# husband sexting close friend



## kw0804 (Aug 29, 2011)

i am 24 and have been married for over 2 years. since last fall, my husband has been sexting a very close friend of ours/my family who is also the mother of one of my best friends. 
i caught him in spring. he lied about it and said it was only once. they had been doing this almost weekly, and it continued after i caught him up until a few weeks ago when i caught him again and finally threatened divorce. even then he still lied.this is not the first instance of this, however it hurts the most. he has attempted to meet with her to hook up. 
he has told me that it's my fault regardless of how much i have tried to fix this. he says the only solution is group, but he doesn't understand that there needs to be trust for this to be an option. he would look me in my eyes and lie. i even saw a counselor because i became so convinced that it was all my fault. through these hard times and more, he was still doing this. 
i am giving our marriage one more try, but my conscience is telling me to leave. i have no trust in him. his words have become meaningless. he would even sext with her while we'd be out with friends and he'd be standing right by me. 
i don't know what to do. i love him so much, and when things are good they're great, but i don't know that i should be with someone who would hurt me so much. he assures me he wouldn't actually cheat, but i don't believe him considering he tried to set something up.
and this is such a close friend. i sent her an e-mail telling her-and i'm paraphrasing-to beat it.
this is just a summary of it all. what should i do? am i an idiot for still staying?


----------



## Jellybeans (Mar 8, 2011)

Two yeras in and already dealing with this mess...

My advice is to cut your losses and mov eon. Don't get knocked up. Just file and walk.

If he's serious about being committed he will do the work it takes to earn your trust back and end all contact with the OW. He has shown he's not willing to do that. Ove rand over again.

If the OW is married, out her to her husband and her daughter (your friend). Do this without warning to your husband or to the OW so they don't have time to get their stories straight. Yu need to expose the affair IMMEDIATELY.

Get tested for STDs. He may not have met her but if he set something up or was looking to set up a meeting, the intent was there. You said this has been happening since last fall (that you know of) so at minimum e's been cheating with her for about a year now (that you know of).

So that is half of your marriage already. 
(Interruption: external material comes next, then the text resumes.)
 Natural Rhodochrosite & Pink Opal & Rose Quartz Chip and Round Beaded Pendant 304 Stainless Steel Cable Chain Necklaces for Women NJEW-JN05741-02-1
You will never trust him. 

Did OW ever write you back?


----------



## HappyAtLast (Jan 25, 2010)

I just "love" it when cheaters act like it's your fault that they are cheating in the first place!!! Classic.
I know you love him and it's easier said that done, I think you would be better off without him...he doesn't respect you and you can't live like that...you deserve better.
Good luck and I want to wish you the best.


----------



## sigma1299 (May 26, 2011)

kw0804 said:


> he has attempted to meet with her to hook up.
> 
> This^^^
> 
> ...


You're married two years, no kids and he's treating you like this. I'm not normally this flat footed in what I'm about to say, but I'd bail. There are so many things in your post that are classic cheater behavior and so disrespectful and hurtful to the loyal spouse that I'm not really even sure where to begin. I mean he tells you it's all your fault and then says the only way to fix it is group sex (I'm assuming that's what "group" means). Come On - Really?? That's just so bad it renders me speechless. 

IMO this is a lost cause but I understand it's hard to make the decision to quit it. If you have to stay in it for a while and work on it for God's sake don't get pregnant.


----------



## Entropy3000 (May 11, 2011)

Flush him


----------



## kw0804 (Aug 29, 2011)

thanks for the feedback it's greatly appreciated. i needed to hear other opinions and have things put into perspective. 
and to answer your question jellybeans no she didn't. we were such close friends and she didn't have the guts to even apologize.


----------



## Jellybeans (Mar 8, 2011)

Is OW married? Out her to her daughter and husband/boyfriend.


----------



## Chaparral (Jul 17, 2011)

He's a mental case. Well I was going to say freak but I was trying to be nice. 

Get the he!! out and let EVERYONE know what both of them have been doing. They 're both cheaters and people deserve to know who is really around them.


----------